K-numberK244031
Device nameDisposable Blood Lancet (Soft Pro); Disposable Blood Lancet (Softsure); Disposable Blood Lancet (Softsure Pro); Disposable Blood Lancet (Softsense)
ApplicantSteriLance Medical (Suzhou), Inc.
Product codeQRK
Device classClass II
Decision dateFeb 26, 2025
DecisionSubstantially Equivalent
Regulation878.4850
AI Summary extracted from FDA summary PDF · never regenerated
Intended use

The Disposable Blood Lancet (available in four models: Soft Pro, Softsure, Softsure Pro, and Softsense) is a single-use sterile medical device designed for capillary blood sampling. It consists of a stainless steel needle encapsulated in a plastic needle body with a protective cap that is twisted off to expose the needle. The device is sterilized by radiation to a sterility assurance level of 10^-6.

Technological characteristics

The subject devices are identical to the predicate in product code (QRK/QRL), regulation, classification, sterilization method, gauges (21G–33G), and materials (stainless steel needle; polyethylene body and cap). The primary difference is needle exposed length: Soft Pro, Softsure, and Softsure Pro have 3.20±0.60 mm, while Softsense has 2.50±0.60 mm, compared to the predicate's uniform 3.20±0.60 mm. Indications for use differ slightly (sampling versus collection), but penetration depth depends on compatible lancing device.

Test standards cited

ISO 10993-1 (Biological evaluation of medical devices - Part 1: Evaluation and testing within a risk management process) was used for biocompatibility testing, which included cytotoxicity, skin sensitization, intracutaneous reactivity, and acute systemic toxicity.

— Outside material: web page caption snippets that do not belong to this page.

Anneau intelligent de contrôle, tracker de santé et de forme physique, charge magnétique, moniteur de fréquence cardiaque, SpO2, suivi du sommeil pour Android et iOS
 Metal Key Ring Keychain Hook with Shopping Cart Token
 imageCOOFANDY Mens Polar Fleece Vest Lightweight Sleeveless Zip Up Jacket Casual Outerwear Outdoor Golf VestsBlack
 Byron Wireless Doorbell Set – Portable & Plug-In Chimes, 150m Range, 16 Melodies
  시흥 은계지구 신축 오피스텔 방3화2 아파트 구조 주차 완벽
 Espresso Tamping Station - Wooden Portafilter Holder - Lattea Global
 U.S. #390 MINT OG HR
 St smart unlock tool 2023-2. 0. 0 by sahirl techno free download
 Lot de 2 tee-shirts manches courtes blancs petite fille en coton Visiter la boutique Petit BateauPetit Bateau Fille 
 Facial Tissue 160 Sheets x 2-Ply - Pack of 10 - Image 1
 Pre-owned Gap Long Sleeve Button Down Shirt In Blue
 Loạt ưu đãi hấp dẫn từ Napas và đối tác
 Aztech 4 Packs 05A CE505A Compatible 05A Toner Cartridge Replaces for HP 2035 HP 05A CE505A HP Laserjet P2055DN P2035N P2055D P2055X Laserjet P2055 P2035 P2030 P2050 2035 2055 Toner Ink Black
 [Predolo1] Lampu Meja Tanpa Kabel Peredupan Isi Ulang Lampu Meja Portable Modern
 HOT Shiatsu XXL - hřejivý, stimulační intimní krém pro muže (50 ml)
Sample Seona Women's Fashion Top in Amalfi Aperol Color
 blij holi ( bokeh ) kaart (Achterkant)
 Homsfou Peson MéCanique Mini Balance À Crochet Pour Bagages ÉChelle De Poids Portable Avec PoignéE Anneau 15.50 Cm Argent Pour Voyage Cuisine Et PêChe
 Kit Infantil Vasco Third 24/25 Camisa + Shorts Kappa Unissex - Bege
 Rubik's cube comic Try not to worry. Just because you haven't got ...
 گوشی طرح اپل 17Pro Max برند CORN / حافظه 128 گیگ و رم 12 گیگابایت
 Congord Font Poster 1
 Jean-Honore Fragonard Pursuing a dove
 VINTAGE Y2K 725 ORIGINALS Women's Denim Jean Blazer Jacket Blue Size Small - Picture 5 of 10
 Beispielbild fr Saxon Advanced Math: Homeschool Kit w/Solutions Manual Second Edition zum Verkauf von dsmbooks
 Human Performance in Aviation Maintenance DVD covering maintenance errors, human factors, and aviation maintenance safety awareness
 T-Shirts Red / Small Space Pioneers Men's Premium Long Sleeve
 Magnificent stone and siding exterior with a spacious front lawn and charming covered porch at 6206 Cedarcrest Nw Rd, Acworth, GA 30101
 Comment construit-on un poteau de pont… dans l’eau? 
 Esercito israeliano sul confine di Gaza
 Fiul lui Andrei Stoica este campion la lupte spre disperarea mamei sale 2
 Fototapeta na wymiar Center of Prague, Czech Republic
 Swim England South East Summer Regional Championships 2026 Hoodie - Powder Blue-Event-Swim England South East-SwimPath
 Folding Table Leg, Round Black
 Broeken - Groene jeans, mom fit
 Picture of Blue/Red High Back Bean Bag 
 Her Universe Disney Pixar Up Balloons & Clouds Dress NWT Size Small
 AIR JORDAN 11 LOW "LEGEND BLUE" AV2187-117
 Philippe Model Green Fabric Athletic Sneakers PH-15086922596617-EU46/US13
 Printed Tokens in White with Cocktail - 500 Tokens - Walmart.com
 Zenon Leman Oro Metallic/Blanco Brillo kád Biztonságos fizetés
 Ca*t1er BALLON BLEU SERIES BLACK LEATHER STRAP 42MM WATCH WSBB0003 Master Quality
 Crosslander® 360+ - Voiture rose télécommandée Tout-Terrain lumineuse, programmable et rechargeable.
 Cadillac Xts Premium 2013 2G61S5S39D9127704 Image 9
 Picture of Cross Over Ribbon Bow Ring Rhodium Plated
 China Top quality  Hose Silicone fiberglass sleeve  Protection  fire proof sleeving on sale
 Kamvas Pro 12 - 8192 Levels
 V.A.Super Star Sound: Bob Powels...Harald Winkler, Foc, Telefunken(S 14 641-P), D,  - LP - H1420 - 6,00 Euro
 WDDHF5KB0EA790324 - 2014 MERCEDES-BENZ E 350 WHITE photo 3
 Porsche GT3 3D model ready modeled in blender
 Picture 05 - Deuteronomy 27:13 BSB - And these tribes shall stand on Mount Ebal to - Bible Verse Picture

Substantial equivalence argument

Substantial equivalence is established because the subject devices share the same intended use (capillary blood sampling), regulatory classification (Class II, 21 CFR 878.4850), and all critical technological characteristics with the predicate. The needle length variation for the Softsense model does not raise safety or effectiveness concerns because penetration depth is ultimately controlled by the compatible lancing device, not the lancet itself. Biocompatibility and bench testing (appearance, dimensions, sharpness, binding strength, compatibility with lancing devices) demonstrate equivalent performance. Therefore, the physical dimension difference—the only substantive variation—does not affect the device's fundamental safety and efficacy profile.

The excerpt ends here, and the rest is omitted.